--- Records supplied ---
'''

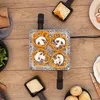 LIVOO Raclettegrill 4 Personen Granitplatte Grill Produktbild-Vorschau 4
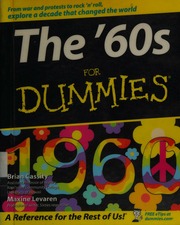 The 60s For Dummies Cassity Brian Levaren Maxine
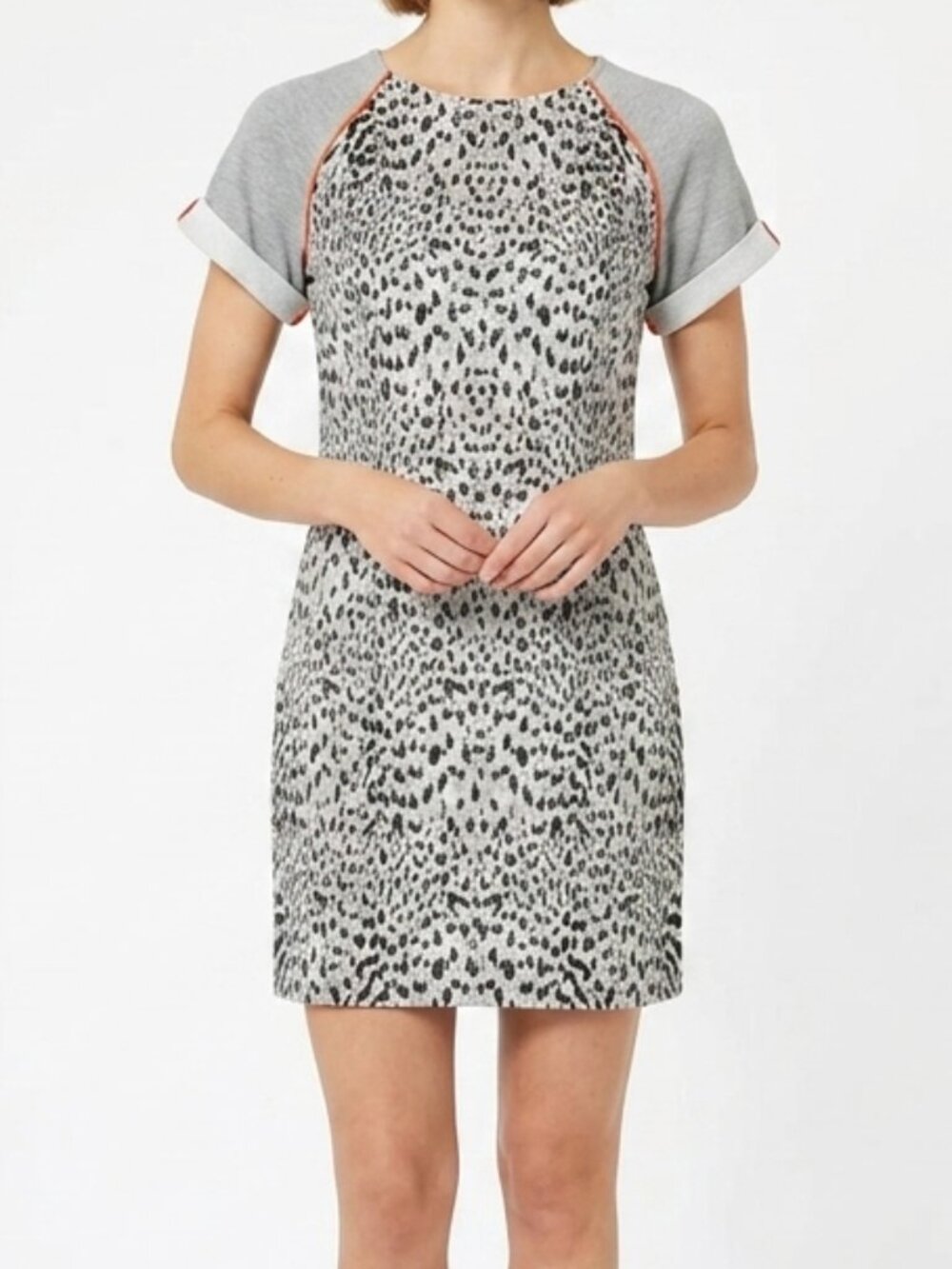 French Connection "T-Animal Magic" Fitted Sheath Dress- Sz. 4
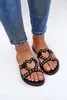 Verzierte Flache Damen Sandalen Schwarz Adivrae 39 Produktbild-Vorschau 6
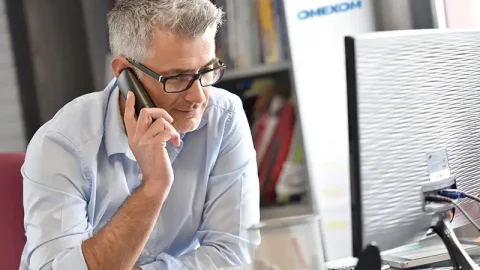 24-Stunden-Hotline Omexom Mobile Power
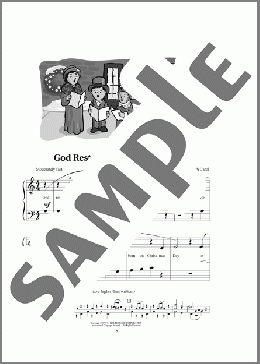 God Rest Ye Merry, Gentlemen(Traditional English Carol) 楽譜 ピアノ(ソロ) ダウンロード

'''

--- What you have to do ---
Keep the pictures out and transcribe the entries exactly.

--- Answer to the exercise ---
 LIVOO Raclettegrill 4 Personen Granitplatte Grill Produktbild-Vorschau 4
 The 60s For Dummies Cassity Brian Levaren Maxine
 French Connection "T-Animal Magic" Fitted Sheath Dress- Sz. 4
 Verzierte Flache Damen Sandalen Schwarz Adivrae 39 Produktbild-Vorschau 6
 24-Stunden-Hotline Omexom Mobile Power
 God Rest Ye Merry, Gentlemen(Traditional English Carol) 楽譜 ピアノ(ソロ) ダウンロード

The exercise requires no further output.